An NHS app was said to be key to the scheme but has been beset by delays, with the launch of a new public trial announced just days ago.
Hancock first suggested the app would be available in mid-May, but the government ditched efforts to develop its own technology in June amid accuracy issues and concerns about privacy.
Baroness Harding led telecoms giant TalkTalk when it suffered a massive cyber attack in October 2015 when hackers accessed 157,000 customers’ details, including bank account numbers.
The Information Commissioner’s Office (ICO) fined TalkTalk £400,000 over the breach, which ultimately cost the company an estimated £77 million.
The ICO issued TalkTalk with a record fine in 2016 for security failings that it said had allowed customers’ data including some 15,656 bank account numbers to be accessed ‘with ease’.

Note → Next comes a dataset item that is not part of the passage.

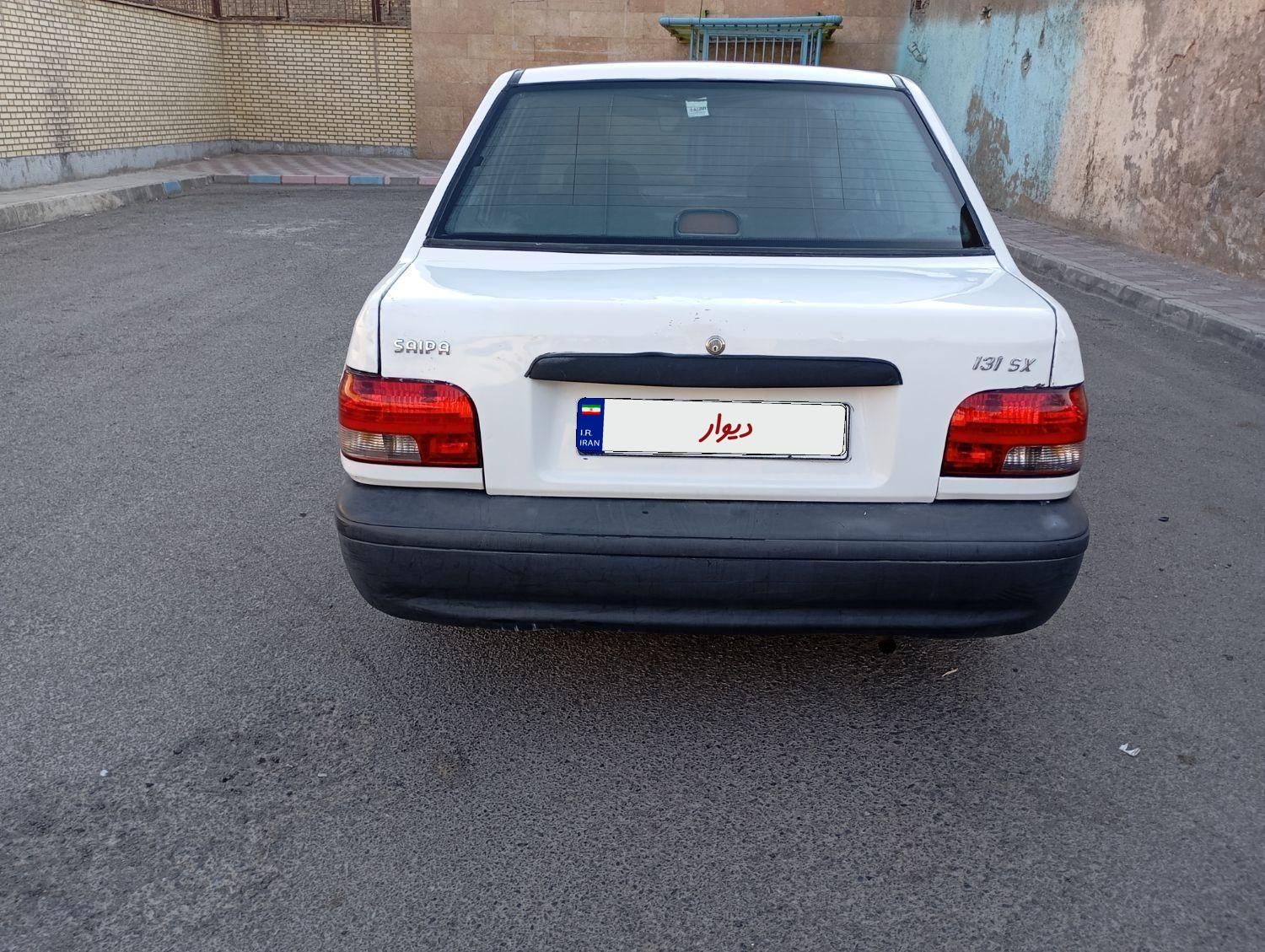 پراید صبا بنزینی - 1389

Baroness Harding is currently chairman of NHS Improvement and has held senior roles at Tesco and Sainsbury’s during her career.
She became a peer in August 2014 and has sat on the Economic Affairs Committee of the Lords since July 2017.

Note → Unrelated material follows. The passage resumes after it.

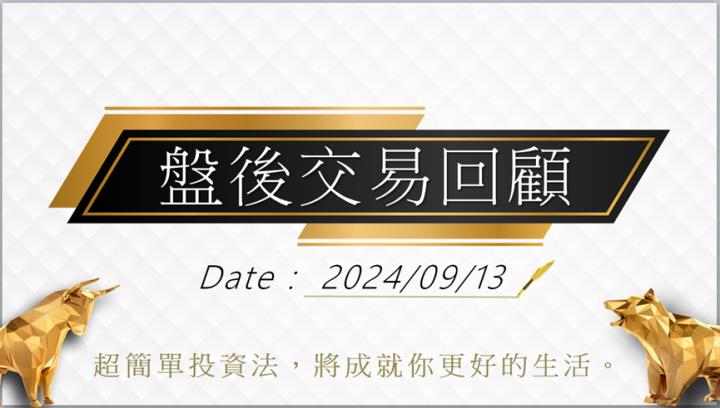 09/13盤後交易回顧｜超簡單期貨策略，當沖操作採「休息」策略，波段操作偏空思考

Her husband is the Conservative MP for Weston-super-Mare John Penrose and she is a mother-of-two.
Away from the worlds of politics and business, she is a jockey and racehorse owner who has served on the board of Cheltenham Racecourse.
This year’s Cheltenham Festival came under the spotlight after about 150,000 people attended the four-day event in March, which ended 10 days before lockdown measures began.
Sir David King, the government’s chief scientific adviser from 2000 to 2007, told the BBC it was ‘the best possible way to accelerate the spread of the virus’.
The government said it followed the advice available at the time while Cheltenham Racecourse’s medical director added it was not possible to know how – and where – people had contracted the virus.